EA : La pornographie est ce qui nous conduit à la viande, au frottement des muqueuses les unes contre les autres. Nous ne vivons pas dans une société hyper-érotique, mais dans une société hyper-pornographique. Les gens cherchent un moyen qui permettrait à la sexualité de fonctionner mécaniquement. Cela contribue non pas à l'érotisme, mais à l'excitation. Et ce n'est pas vrai, car alors nous nous convainquons que nous sommes heureux dans le domaine sexuel. Mais ce n'est plus de l'hédonisme, mais une fièvre, parfois douloureuse, souvent traumatisante.

SK : L'excitation qui se heurte à la réussite. Il faut « arriver à… » Nous avons devant les yeux, d'un côté, une masse d'images, de concepts, de prescriptions, et de l'autre, un conservatisme extrême. Il me semble que l'érotisme se glisse entre ces deux extrêmes.

EA : L'érotisme trouvera toujours un moyen de s'exprimer, car sa base est notre libido. Lorsque les artistes de l'Inquisition se sont vu interdire de peindre des corps nus, ils ont représenté le Christ crucifié de manière extrêmement érotique.

SK : Mais la censure est omniprésente car nous la portons en nous. L'érotisme se trouve toujours là où il est interdit ou considéré comme indécent. Il parait que tout est permis aujourd'hui ? Notre érotisme trouvera sa place dans toutes les crevasses et surgira au moment où on s'y attend le moins. Au mauvais endroit, au mauvais moment, avec la mauvaise personne… L'érotisme est né de la violation de nos inhibitions inconscientes.
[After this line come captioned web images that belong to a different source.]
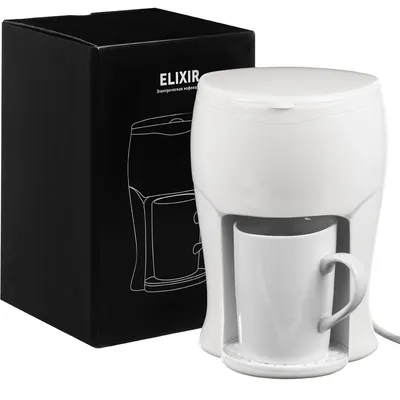 Электрическая кофеварка Elixir, белая — фото 10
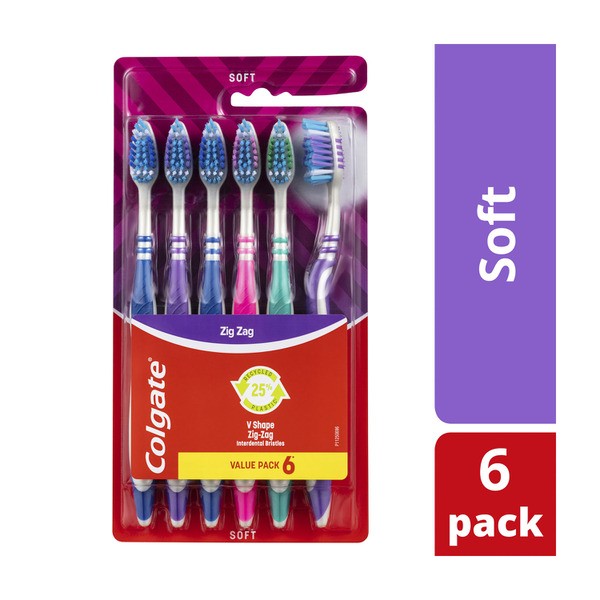 Colgate Zig Zag Value Pack Soft Toothbrush | 6 pack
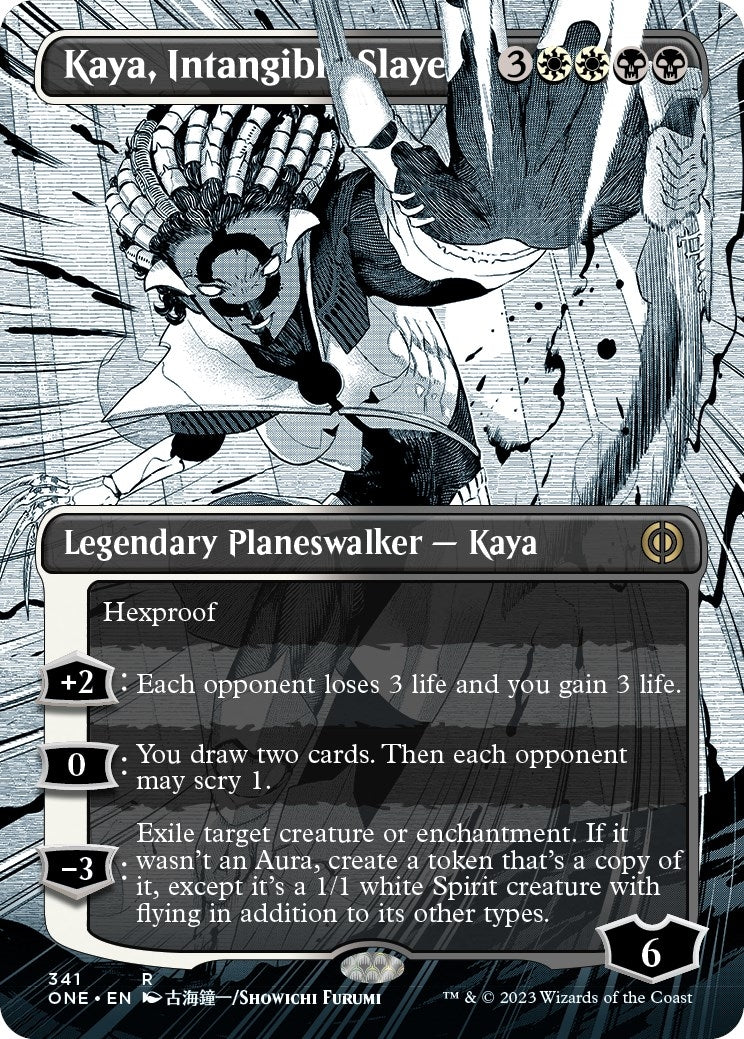 Image for Kaya, Intangible Slayer (Borderless) (341) - Magic: The Gathering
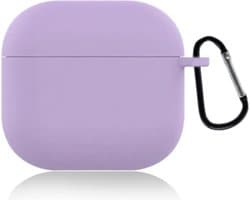 ShieldCase Siliconen Hoesje Geschikt voor Airpods 4 - Siliconen Case voor Apple Airpods 4 Case Hoesje - Paars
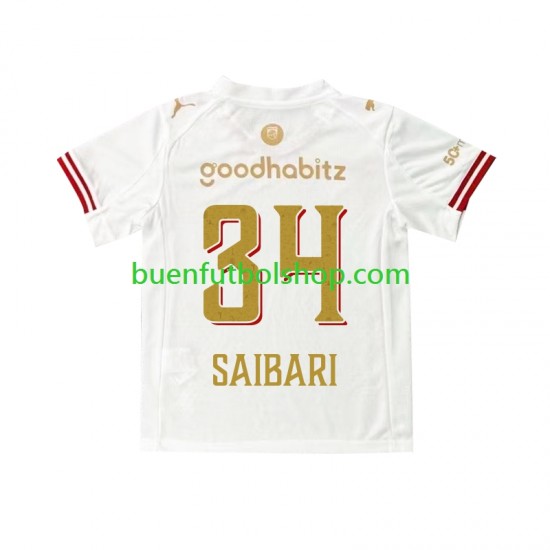 Camiseta de Fútbol PSV Eindhoven Ismael Saibari 34 Efteling 2025-2026 Cuarta Equipación Manga Corta Hombre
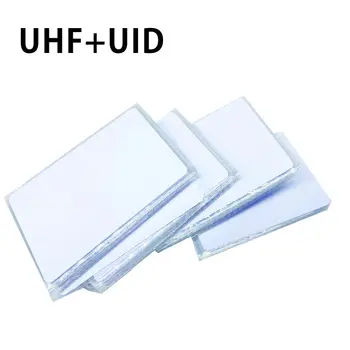 50 Oder 100 STÜCK 915 MHz 13,56 MHz Long-Range-Dual-Frequenz Passive RFID UHF-Composite-Karten U8+UID Chip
EA : Nous touchons toujours à un domaine étroitement lié à l'érotisme lorsque nous parlons de détails. Par exemple, je mentionne une voile à l'horizon, et tout le monde comprend que nous parlons d'un navire. Cette capacité aide notre vue, en partant d'un détail, à compléter quelque chose d'entier. C'est peut-être là la différence fondamentale entre l'érotisme et la pornographie : le premier ne fait qu'insinuer, le second propose sans ambages, d'une manière dure. Il n'y a pas de curiosité dans la pornographie.


1 Louise Labé, 1522-1566, poétesse française, a mené une vie ouverte, a accueilli des écrivains, des musiciens et des artistes dans sa maison.

2 Colette (Sidonie-Gabrielle Colette), 1873-1954, était une écrivaine française, également connue pour sa liberté de mœurs et ses nombreuses aventures amoureuses avec des femmes et des hommes. Chevalier de l'Ordre de la Légion d'Honneur.

3 Lou Andreas-Salomé, Louise Gustavovna Salomé (Lou Andreas-Salomé), 1861‒1937, fille du général du service russe Gustav von Salomé, écrivain et philosophe, amie et inspiratrice de Friedrich Nietzsche, Sigmund Freud et Rainer-Maria Rilke.